● Records for this exercise:

※ ※ ※

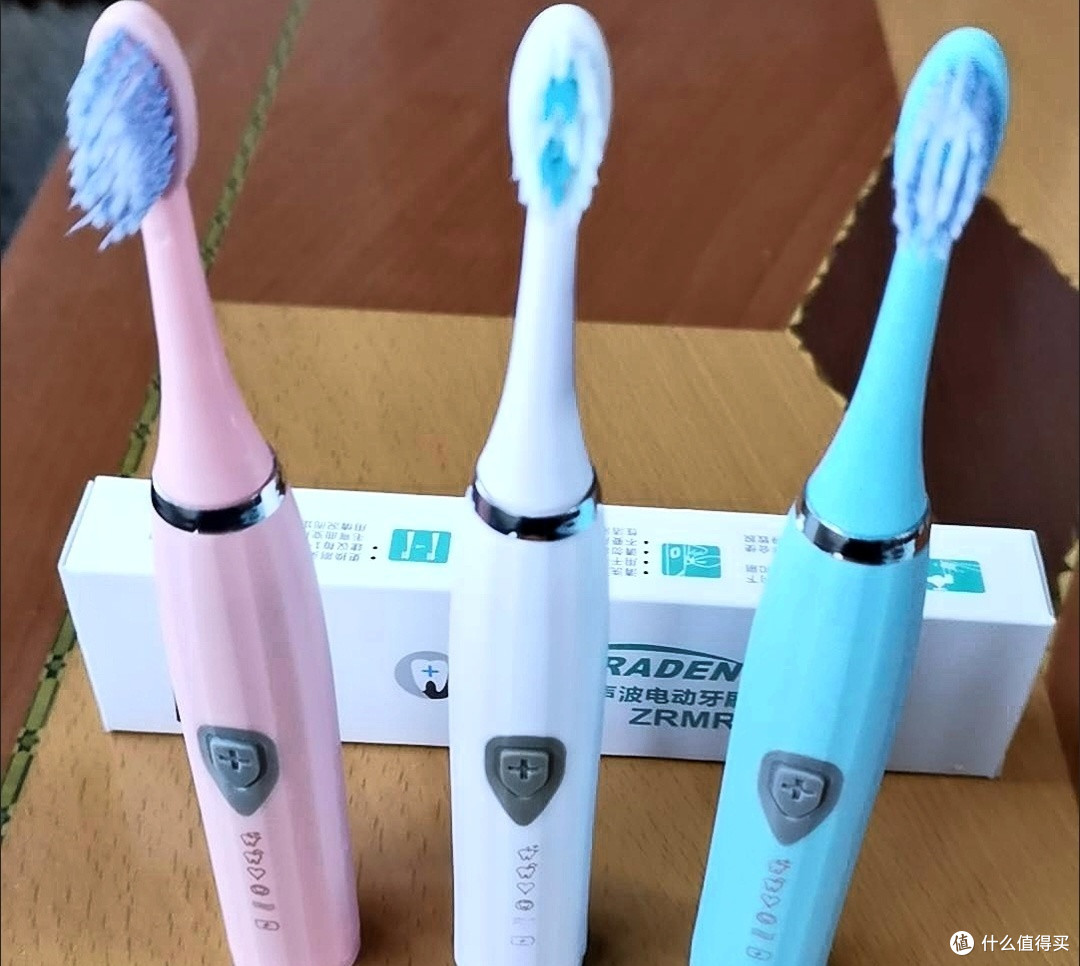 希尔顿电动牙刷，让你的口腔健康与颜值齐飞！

※ ※ ※

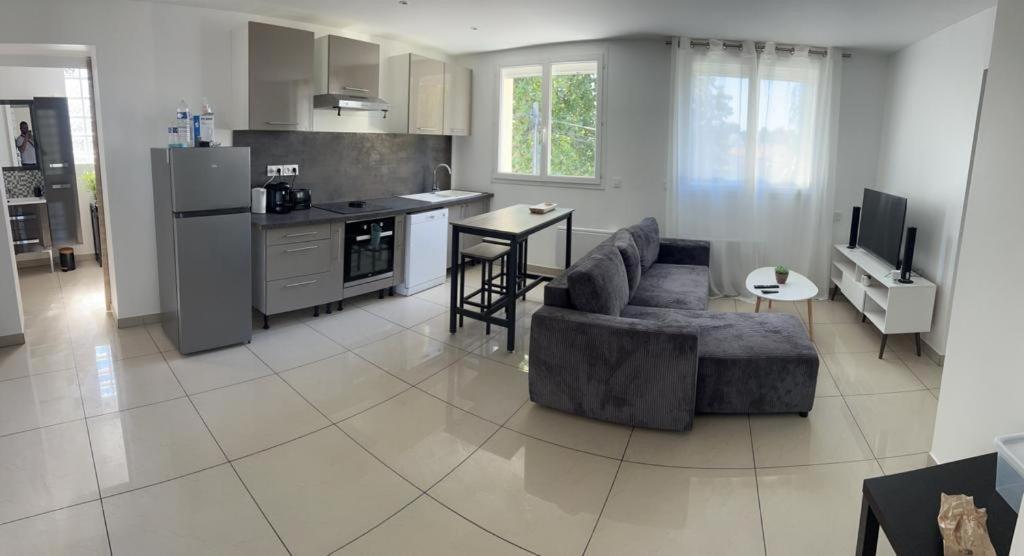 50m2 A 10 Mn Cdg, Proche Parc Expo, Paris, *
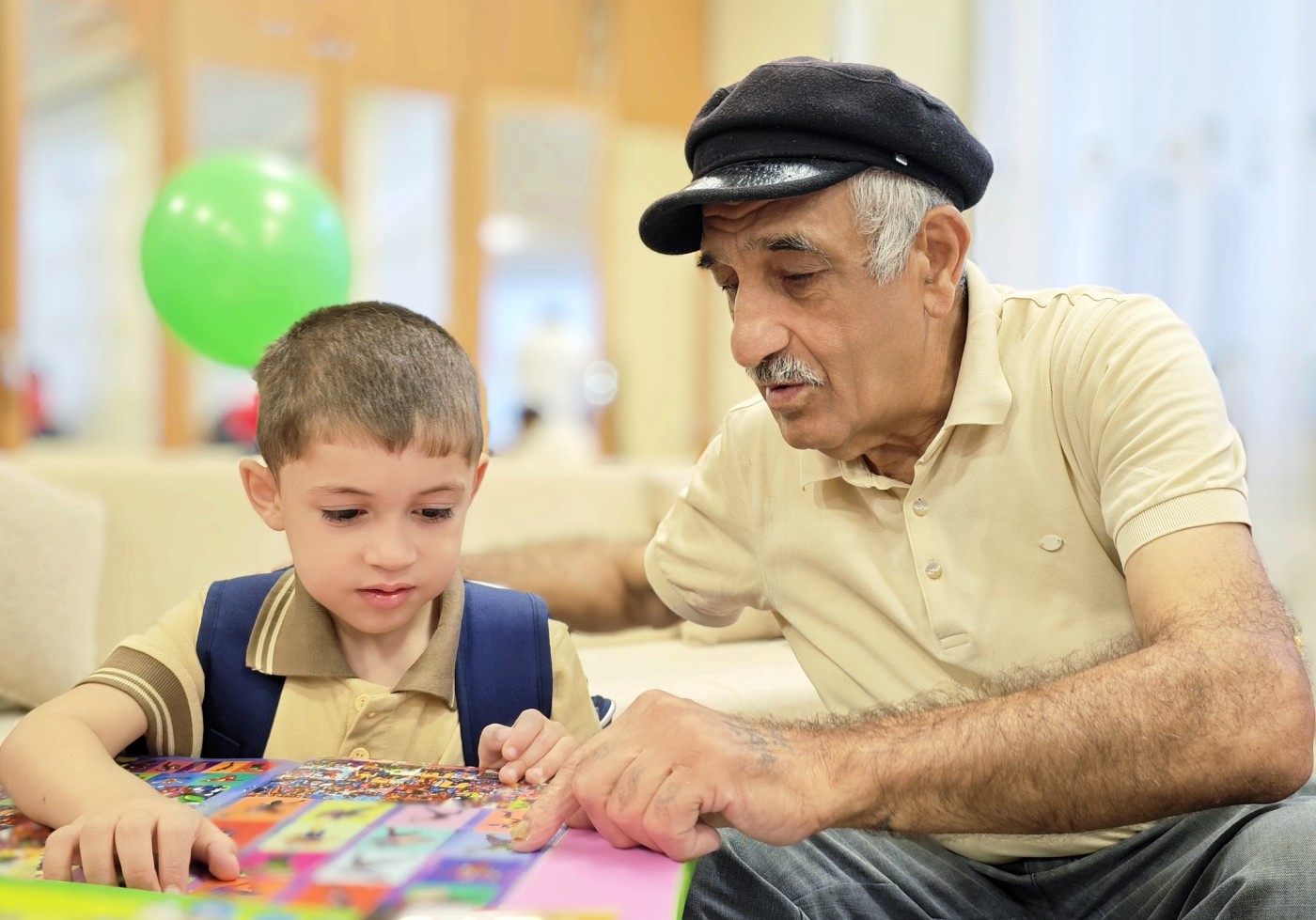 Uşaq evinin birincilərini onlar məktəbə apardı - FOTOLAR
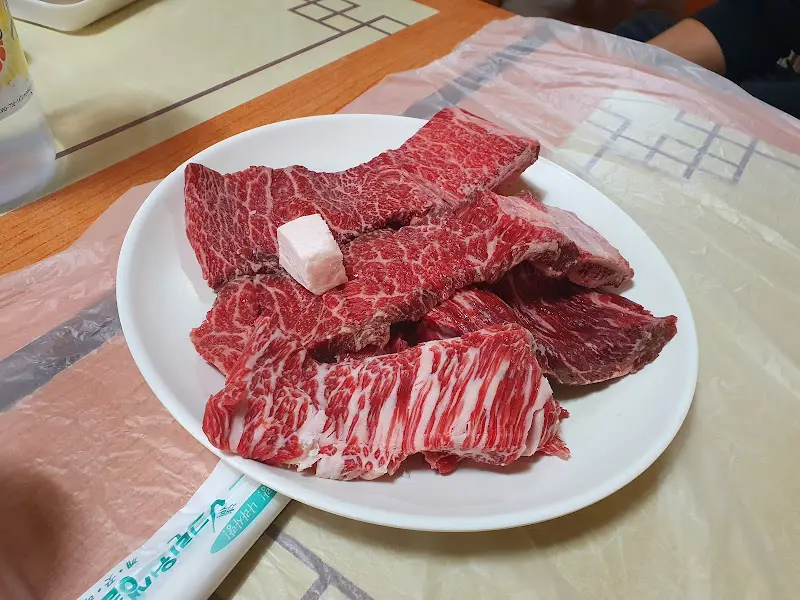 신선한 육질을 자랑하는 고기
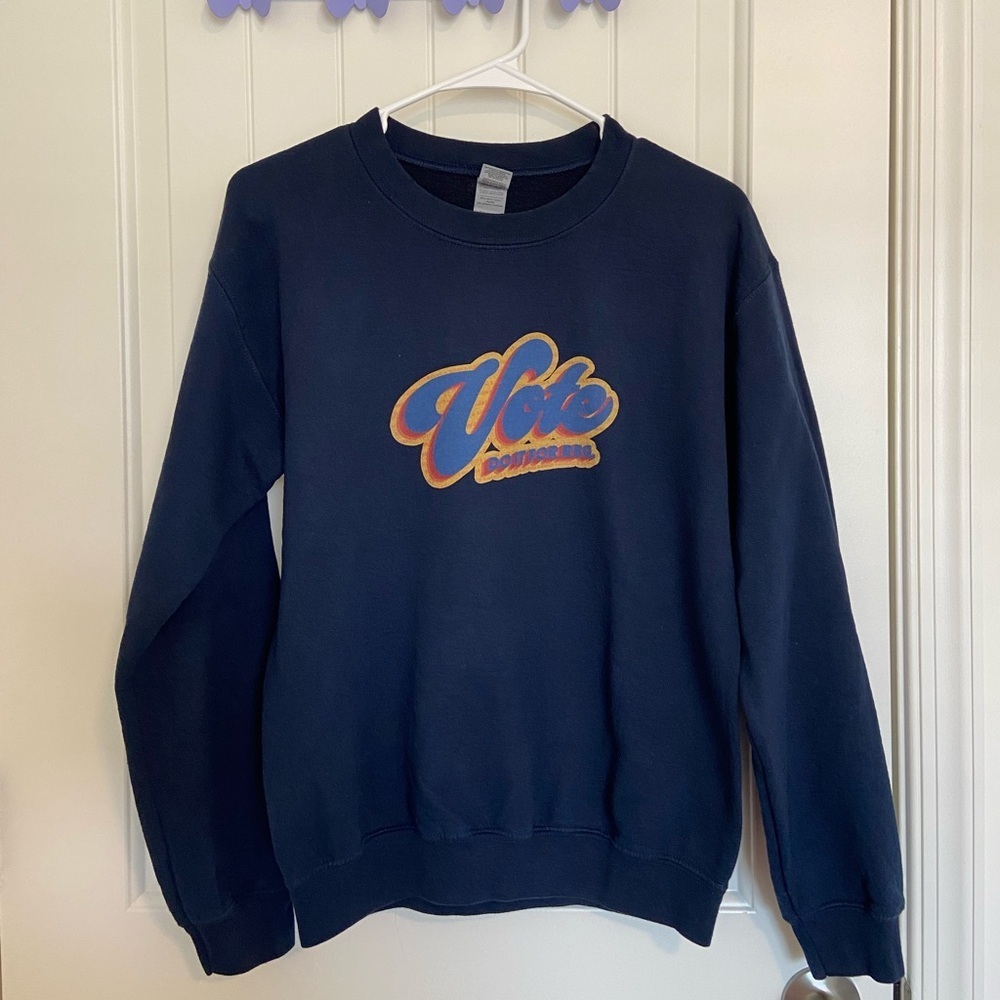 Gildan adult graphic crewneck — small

※ ※ ※

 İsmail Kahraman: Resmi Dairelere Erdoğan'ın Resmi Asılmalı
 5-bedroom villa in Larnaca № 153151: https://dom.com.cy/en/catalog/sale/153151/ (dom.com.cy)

※ ※ ※

● Required action:
Please give an exact copy of the lines above, beginning with the line containing "İsmail Kahraman: Resmi" and running through the line containing "5-bedroom villa in", and of no other lines.

● Output of the exercise:
 İsmail Kahraman: Resmi Dairelere Erdoğan'ın Resmi Asılmalı
 5-bedroom villa in Larnaca № 153151: https://dom.com.cy/en/catalog/sale/153151/ (dom.com.cy)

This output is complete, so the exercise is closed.